First comes D'Souza. For me, D'Souza's historical case is speculative and contentious. I tend to have a higher opinion of pre-Christian pagan and heathen ethics than D'Souza does, and I think that those ethical systems have the tools to justify an anti-slavery movement, even if the people were not fully aware of the application of those principles to that purpose at that time. In the same way that Christians took time to apply Christian principles to fight slavery, so the case may have been similar in the case of pagan ethics. In other words, had the heathen faith of Europeans survived the encounter with Christianity in any way similar to the way in which Hinduism survived its encounter with Islam, heathen Europeans may well have developed an anti-slavery movement from their own resources. So was Christianity essential to such developments? I would say that the answer is at least not an obvious "yes."
D'Souza's strength, for me, was definitely his closing statement in which he laid out the benefits of religion in general.

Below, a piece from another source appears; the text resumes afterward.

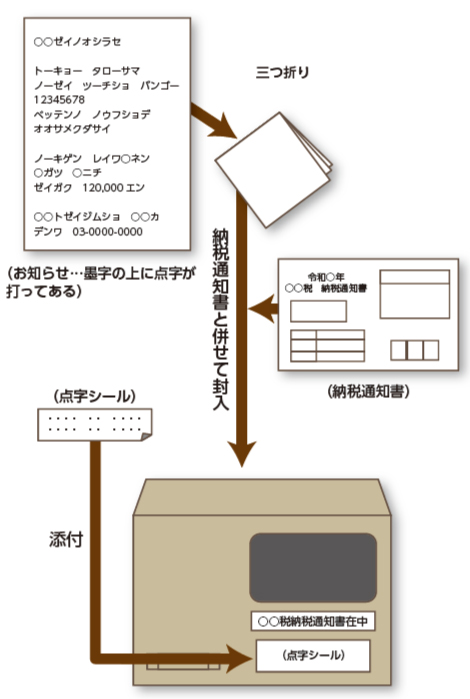 フローを示したイメージ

I would have to say that I fully agree with every one of the benefits he stated. When I was a hardcore atheist, I would not have agreed, but I have reacted to these considerations over the years and they have had a major effect on me and have essentially changed my thinking about religion.
Shermer's major weakness for me was that he was not able to show how objective moral codes can find a basis in mere evolution. Pointing out that non-religious people are more moral, even if true, is irrelevant to the question of the basis of ethical obligations. He mentioned evolutionary ethics, but he didn't have time to develop it very much, in all fairness to him. Just mark me down as someone who cannot, for the life of him, understand how absolute moral obligations can be grounded in matter and energy.
Shermer's strength was to point out that, yes, in fact, even the Bible has some nasty stuff in it. I'm very happy that Christians and Jews no longer take much of Leviticus seriously, but if God really revealed some of those laws to us, then we've got a problem. I don't want to be mean to anybody, but there is some messed up stuff in parts of the Bible and we just have to make our peace with the fact.
I hope you enjoyed my summary of the debate. I tried to be as fair as possible. Maybe I'll see you at the next one!